Drei Kindermorde innerhalb von 16 Tagen ließen die Kripo am Niederrhein nervös, die besorgten Bürger hysterisch und die Presse süchtig werden – schlechte Nachrichten sind eben auch immer gute Nachrichten. Schnell machten Gerüchte die Runde: »Bei der Polizei sind noch Hunderte Kinder vermisst gemeldet!« Bis zum 30. Mai waren der Landeskriminalpolizei in Nordrhein-Westfalen tatsächlich 293 Kinder als vermisst gemeldet worden, 109 Mädchen und 184 Jungen. Allerdings blieben nur drei Minderjährige dauerhaft verschwunden: eine 13-Jährige aus St. Vit bei Wiedenbrück und zwei Jungen aus Wuppertal und Essen, sechs und acht Jahre alt. Das Mädchen war von zu Hause weggelaufen, der Junge aus Wuppertal vermutlich beim Spielen am Ufer der Wupper ertrunken. Nur im Fall des achtjährigen Klaus Jung ging die Kripo von einem »kriminellen Hintergrund« aus, er war letztmals am 31. März auf einer Kirmes in Essen gesehen worden. Erst vier Jahre später sollte sich das Schicksal des Jungen klären: Er war dem vierfachen Kindermörder Jürgen Bartsch in die Hände gefallen und wie die übrigen Opfer in einem ehemaligen Luftschutzstollen gefoltert und anschließend getötet worden.

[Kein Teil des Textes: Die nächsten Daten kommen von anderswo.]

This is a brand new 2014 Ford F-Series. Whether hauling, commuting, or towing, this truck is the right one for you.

Die extrem ungewöhnliche zeitliche und örtliche Häufung der an sich sehr seltenen Sexualmorde an Kindern provozierte Fragen, die Bevölkerung verlangte Aufklärung. Die Kriminalisten gaben sich alle Mühe, aber ihre Antworten klangen wenig überzeugend. Kriminaloberrat Hans Kiehne, Leiter der Mordkommission, die Ingo Kappes jagte, erklärte lapidar: »Sexualdelikte häufen sich eben zu bestimmten Jahreszeiten.« Der Chef der Essener Todesermittler, die die »scheußlichen Verbrechen« an Ilona Dönges und Monika Reimer aufzuklären versuchten, ergänzte: »Für das fast gleichzeitige Losschlagen dieser verschiedenen Täter haben wir keine Erklärung. Vielleicht spielt die Witterung eine Rolle. Die Mädchen sind leicht angezogen. Das kann aufreizen.« Und Dr. Wehner, der Leiter der Düsseldorfer Kripo, hielt alles für »einen Zufall«, gab sich indes überzeugt, eine »Kindermord-Psychose« festgestellt zu haben, die »schleunigst abgebaut« werden müsse. Nur wie, das verriet er nicht.

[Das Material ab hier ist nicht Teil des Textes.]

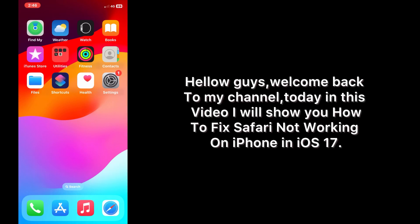Hello guys, welcome back to my channel. Today in this video I will show you how to fix Safari not working on iPhone in iOS 17. First of all, subscribe to my YouTube channel and press the bell icon to get new tech videos. Now let's start the video.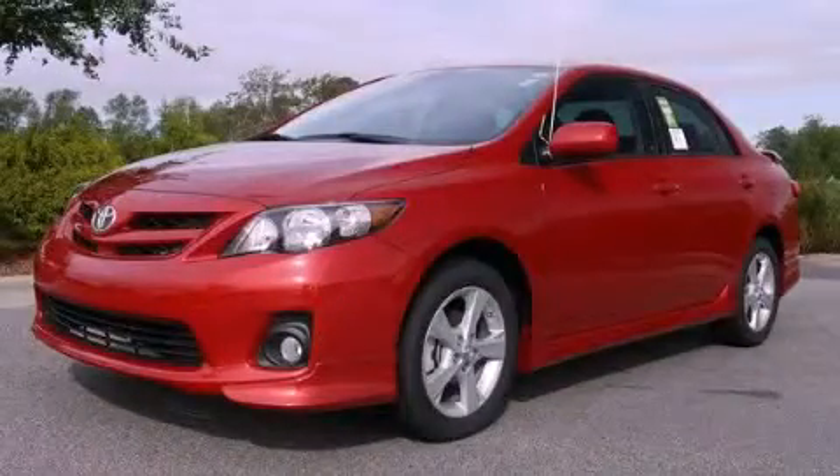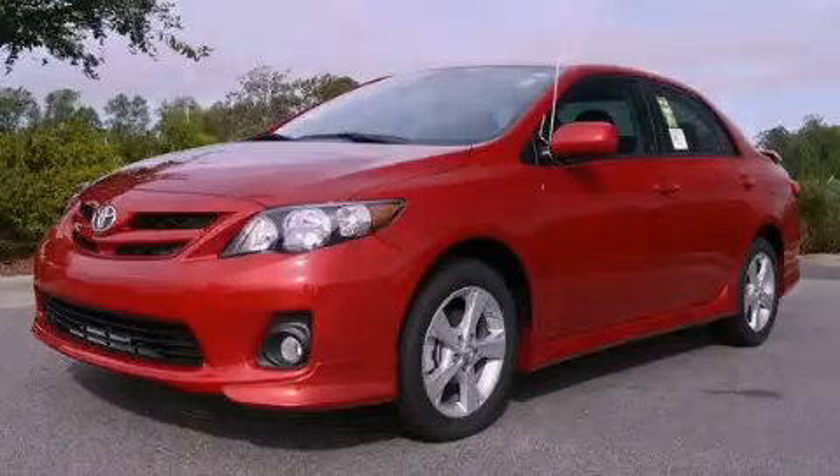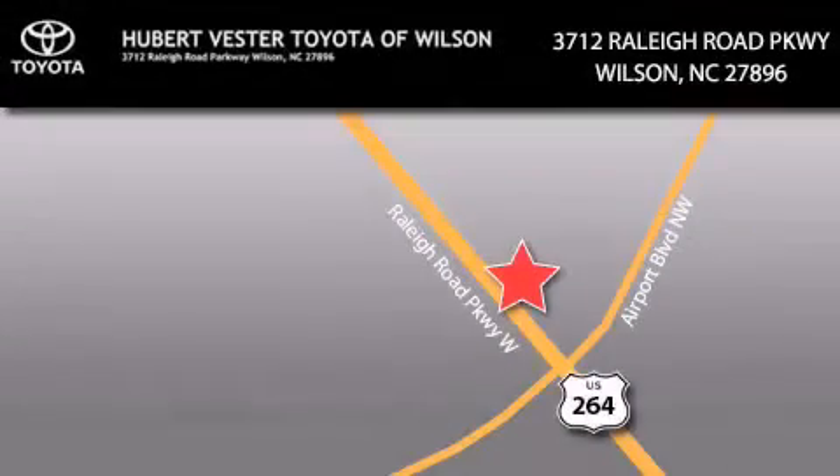Contact us today and schedule your opportunity to see this vehicle in person. Hubert Vester Toyota is located at 3712 Raleigh Road Parkway in Wilson. Our goal is to exceed all of your expectations to ensure that you'll return for future visits.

Wesentlich optimistischer äußerte sich der Vizepräsident der Deutschen Kriminologischen Gesellschaft. Der Deutschen Presse-Agentur verriet er wohlmeinend, wie den Unholden beizukommen sei, und richtete einen flammenden Appell an alle Bürger: »Achtet auf Eure Mitmenschen, auf Schul- und Arbeitskameraden, Freunde und Gefährten. Abnormes Verhalten dem anderen Geschlecht gegenüber kann ein Zeichen dafür sein, dass Triebstörungen vorliegen.«
Zum Kummer der Kriminalpraktiker schalteten sich auch noch diverse Landespolitiker in den Kampf gegen die »Bestien« ein. Den Anfang machte der SPD-Landtagsabgeordnete Gustav Stapp. Als Bürgermeister der ebenfalls betroffenen Stadt Walsum schlug er vor: »Alle Kinder sollen unentgeltlich mit Bus und Bahn zur Schule fahren dürfen.« Der donnernde Applaus seiner Anhänger, vor allem aber potentieller Wähler war ihm gewiss.
Nun hatte jeder etwas zu sagen, die Erfolglosigkeit der Polizei wurde zum Zankapfel der Politik, ein sensibles Feld ohne Rücksicht auf (Gesichts-)Verluste als Wahlkampfthema – am 8. Juli musste das neue Landesparlament gewählt werden – missbraucht. Bisweilen wurde es polemisch. »Weite Kreise haben das Gefühl«, posaunte der FDP-Landesvorsitzende Willi Weyer, »dass zwar genügend Polizeibeamte zur Kontrolle der Parkuhren zur Verfügung stehen, jedoch zu wenige zur Verfolgung von Gewaltverbrechern.« Das ging an die Adresse des für solche Belange zuständigen CDU-Innenministers, der postwendend versicherte: »Die Kindermorde in den letzten Wochen haben die Polizei veranlasst, alle erdenklichen Maßnahmen zur Verhütung weiterer Verbrechen zu ergreifen.« Derweil stellten sich die Kripo-Chefs in Düsseldorf und Köln demonstrativ an die Seite ihres obersten Dienstherrn. »Wir haben die Dinge unter Kontrolle. Zu einer Angstpsychose besteht kein Anlass, zumal man mit Angst keinen Mörder fängt«, hieß es kurz und bündig. Und Bundesjustizminister Stammberger ließ es sich nicht nehmen, natürlich genau das zu tun, was Politiker bei derlei Gelegenheiten immer zu tun pflegen: Er forderte »härtere Strafen für Sittlichkeitsverbrecher«.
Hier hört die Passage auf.